DIPは間違っている



書籍「アジャイルソフトウェア開発の奥義」(ロバートCマーチン著、瀬谷啓介訳)の第一版のP163からの記述「依存関係逆転の原則(DIP)」は間違っているか、あるいは議論に混乱が見られる。ネット上にはこれを無批判に引用する日本語記事が多々存在するのだが、彼らは全くその内容を吟味も理解もしていないと思われる。

DIP原則とは

著者の説明はこうである。

  • 上位モジュールは下位モジュールに依存してはならない。どちらのモジュールも抽象に依存すべきである。
  • 「抽象」はその実装の詳細に依存してはならない。実装の詳細が「抽象」に依存すべきである。

という。

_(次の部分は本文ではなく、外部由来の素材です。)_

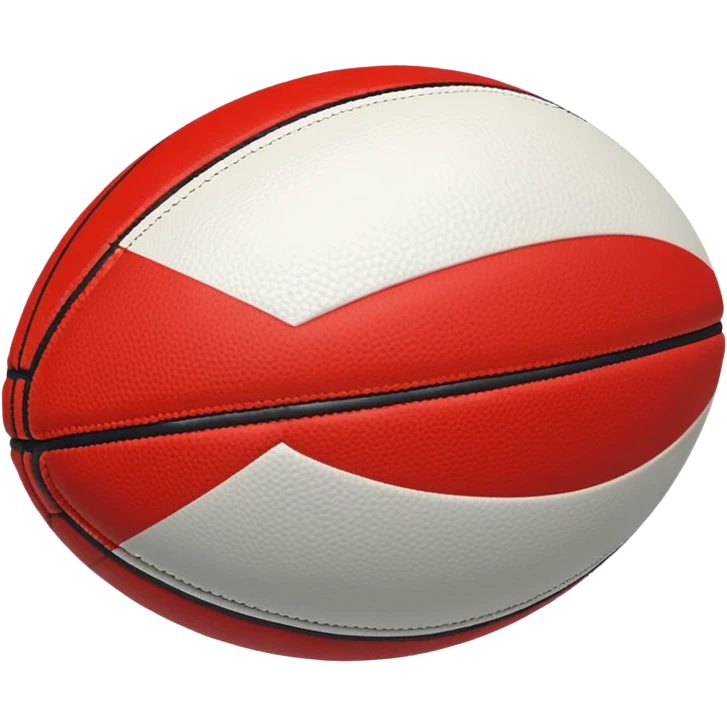 australian rules football ball with equal sized horizontal black, red, white, stripes emoji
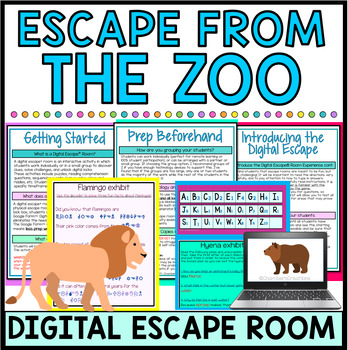 Preview of Zoo themed Digital Escape Room team building breakout game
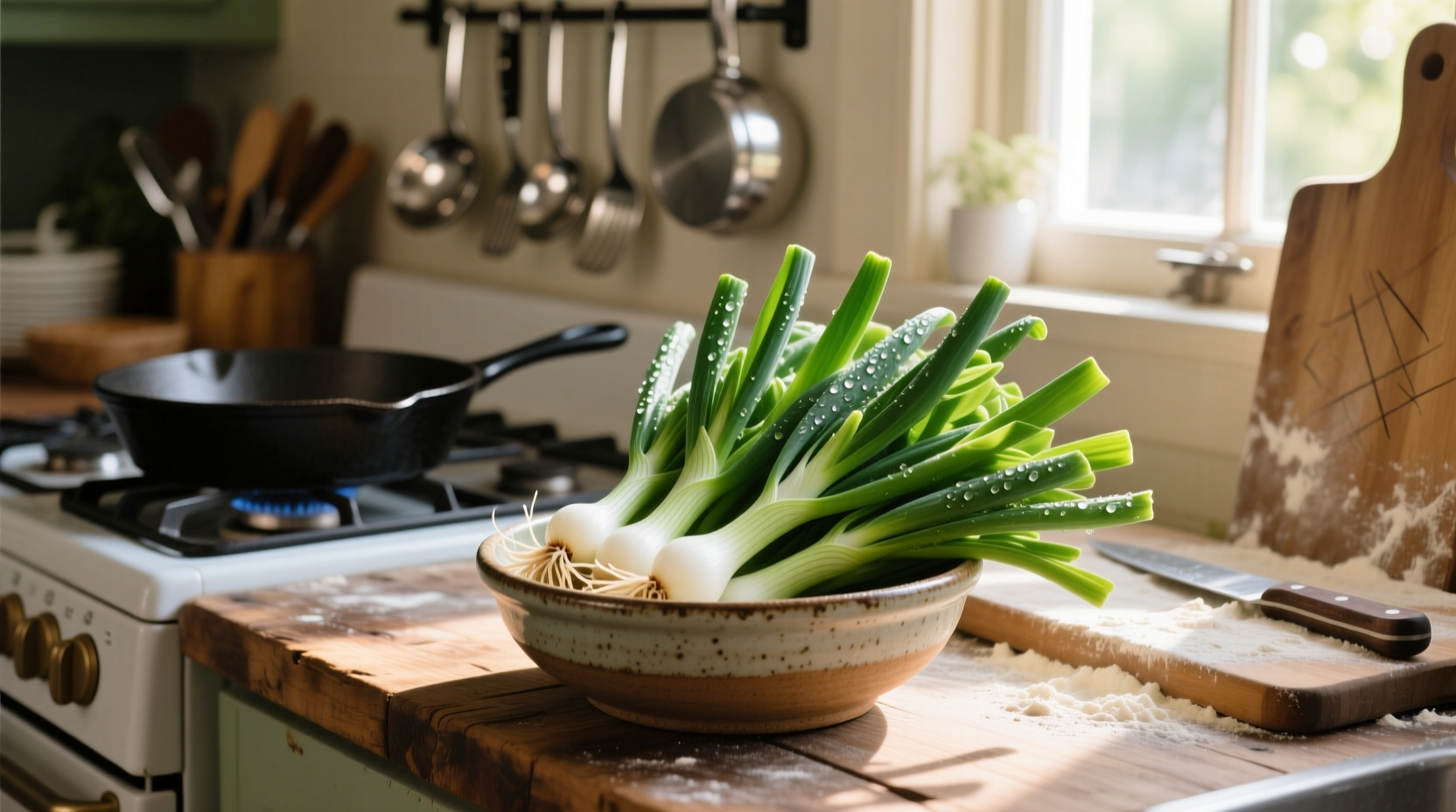 Fresh onion greens in kitchen setting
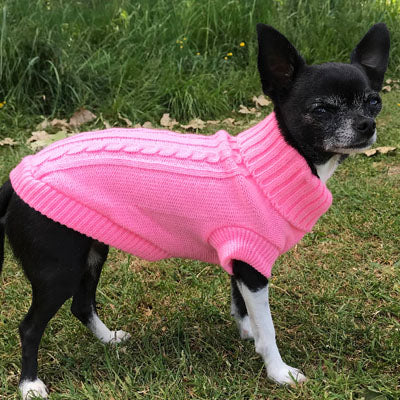 Small Dog Soft Pink Cable Knit Chihuahua Puppy Jumper 5 SIZES Chihuahua Clothes and Accessories at My Chi and Me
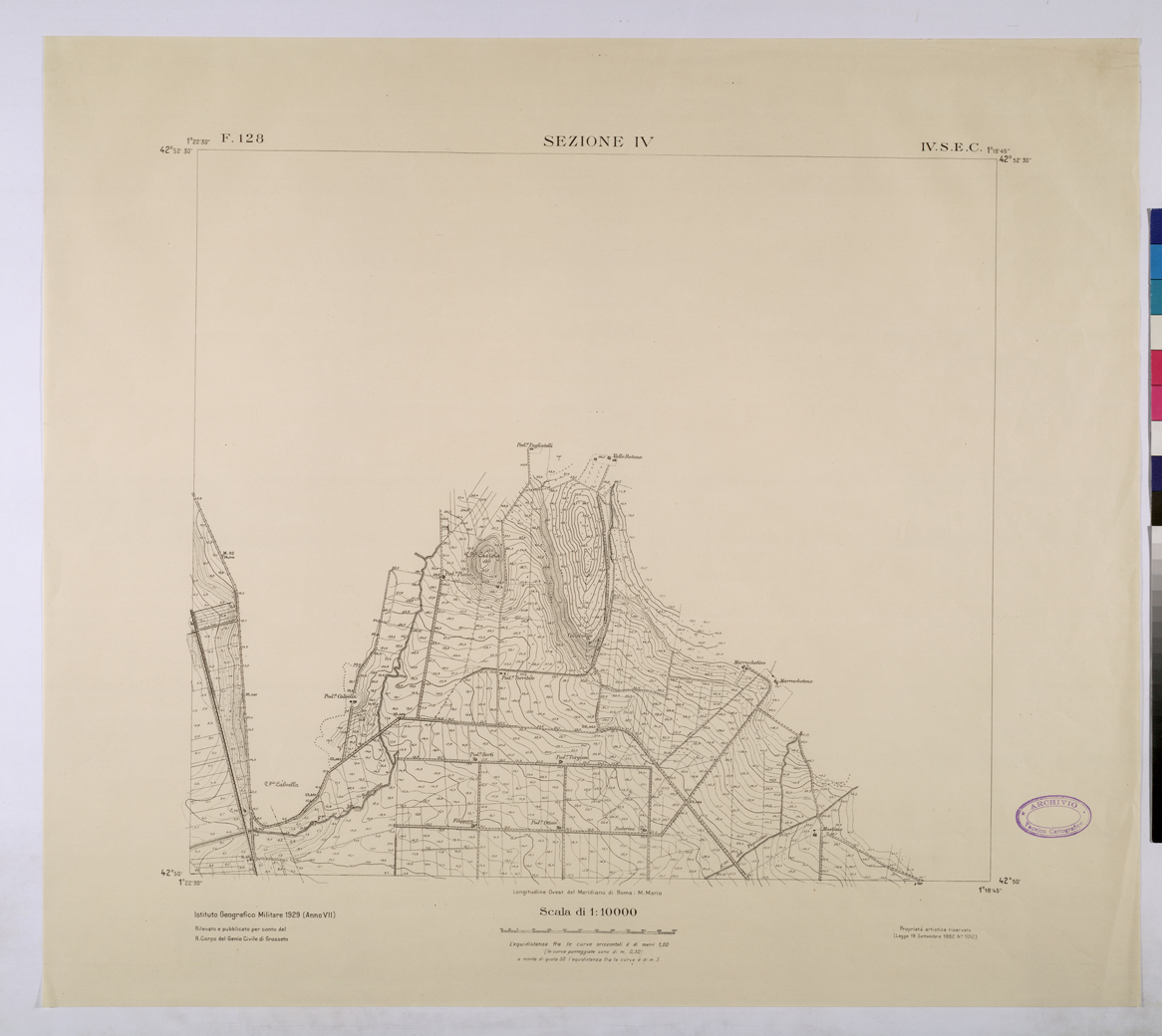 (N:25758) TOPOGRAFIA DELLA PIANURA GROSSETANA - F.128 SEZIONE IV  IV S.E.C. (CA008957) Carte e stampe antiche: riproduzione a colori su carta (formato A1)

ここで、「上位モジュールは下位モジュールに依存してはならない」は間違いである。

そもそも上位・下位モジュールの定義が明確ではない(「アプリケーションの方針を決めている上位モジュール、実装の詳細を担当する下位レベルのモジュール」のみの説明)のだが、著者の意図としてはこうだろう。

  • 上位モジュール:使う側
  • 下位モジュール:使われる側

反論1

これに対する反論の一つとしてはこうだ。あるアプリケーションの構築と同時に、他のアプリケーションにも使用可能なライブラリを開発することにしたとする。こうした場合、これらのライブラリが上位モジュールである「アプリケーション」に依存してしまっては可搬性がなくなってしまう。したがって、「ライブラリ部分」と、その上位である「それ以外のアプリケーション部分」は、上位が下位に依存するという構造にならざるを得ない。

そしてこれは、同著で後述されている(P331)安定依存の原則(SRP)にも合致していると考えられる。つまり、著者自身が矛盾しているのである。

反論2

しかし、「この原則はライブラリ作成のようなケースを除外している」と反論されてしまうかもしれない。それでは以下のようなケースはどうだろうか。

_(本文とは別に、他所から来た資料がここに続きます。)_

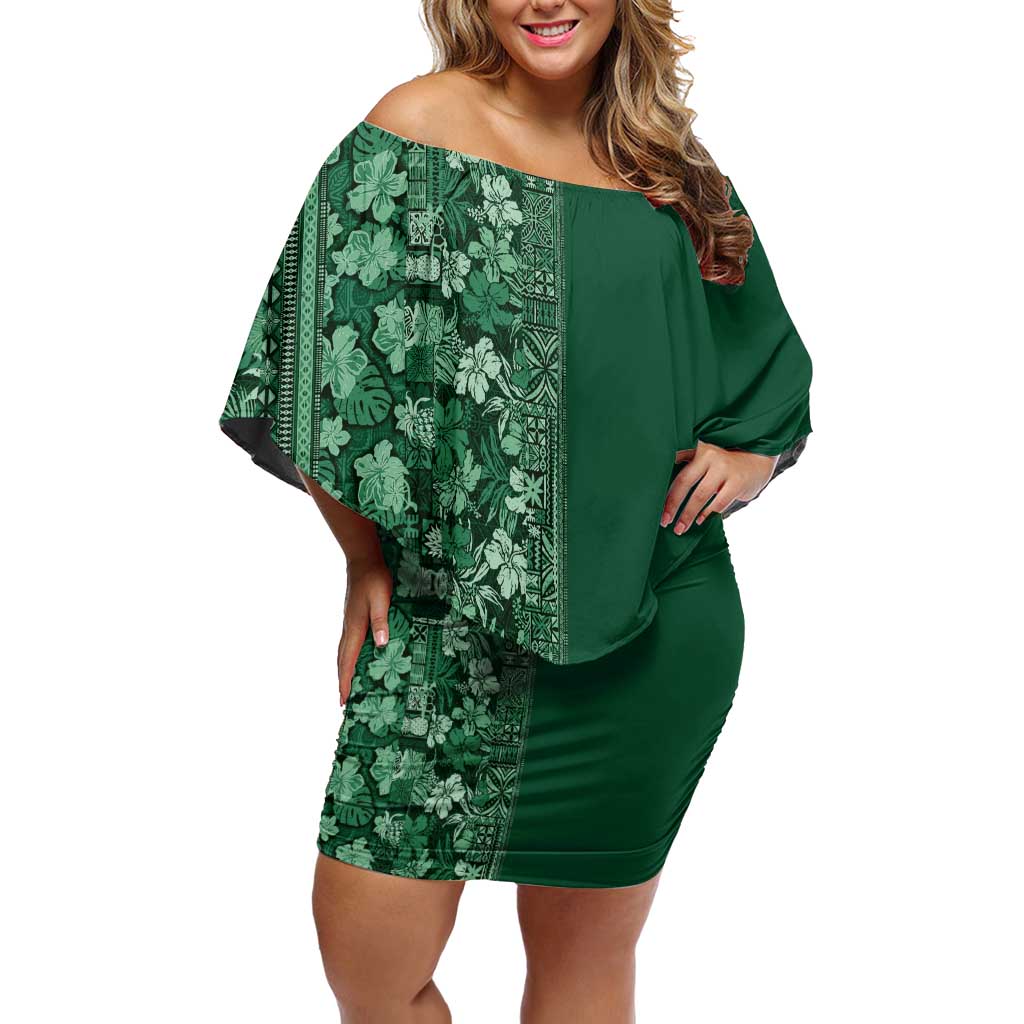 Hawaiian Tribal Elements Hibiscus Off Shoulder Short Dress Green Pattern LT9 Women Green - Polynesian Pride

例えば、三層アーキテクチャを考えてみる。これはUI層、ビジネスロジック層、データベース層に分かれる。一般的には、これらはソケットを介した何らかのプロトコルによって接続される複数のプログラムになると思われるが、別に一つのアプリとして開発してはいけない法はない。

この場合、UI層がビジネスロジック層に依存することになるが、これがいけないという理由は全く無いどころか、むしろ推奨されるべきものである。「そもそも我々が再利用したいと思っているのは、方針を決めている上位モジュールの方である」と著者は主張するが、そうではない。下位であるビジネスロジックの方を再利用したいこと、あるいは再利用すべきことは明らかであろう。

著者の想定は時代錯誤

反論2からもわかるように、著者の想定はそもそも古すぎるのである。どういうわけか、この章で著者は、”’20年以上も前の古めかしいソフトウェア設計を前提にしている”’のである。著者はP164で主張する「事実、従来の手法の目標の一つは、上位モジュールから下位モジュールの呼び出し方を定義したプログラムの階層構造を作ることなのだ」。これはCUI時代のプログラムの構造であって、現代のソフトウェアではそうとはいえない。現代のプログラム、つまりGUIプログラムでは既に制御構造自体が逆転しているのであって、DIPは成立しないのである。

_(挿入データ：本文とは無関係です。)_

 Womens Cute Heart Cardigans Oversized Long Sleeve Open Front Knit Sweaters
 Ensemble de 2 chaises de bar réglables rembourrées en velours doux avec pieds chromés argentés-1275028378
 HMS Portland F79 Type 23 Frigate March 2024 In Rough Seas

著者は、このような事実を無視し、自説を強調するためにわざわざおかしな例を出している。

例1

P165で、わざわざ耳慣れないレイヤー「Policy Layer」「Mechanism Layer」「Utility Layer」を出しているのはそのためである。こうしたレイヤ構造はかなり一般的ではない。著者は持論を証明したいが為に、一般的ではないレイヤ構造をわざわざ引き合いに出しているのである。

例2

プログラム例も同じである。P113のCopyプログラムも、P170の暖炉の例も、GUI部分は含まれていない。たしかに、この例自体は著者の主張を裏付けるものであって、「正しい」のではあるが、やはり「既に制御が逆転した」GUIプログラムについては完全に無視されている。

所有権の逆転とハリウッド原則

これについてもおかしな主張が見られる(P166)。「ハリウッド原則」とはIoC(Inversion of Control~制御の反転)で使われる用語であり、典型的にはCUIからGUIへの移行によって、制御がこれまでの呼ぶ方式から呼び出される方式に変更したことを指すものである。

インターフェースの所有権がどう変更されようと、同じアプリ内において上位モジュールから下位モジュールを呼び出すことには変わりがなく、これはIoCとは無関係であるし、ハリウッド原則とも無関係である。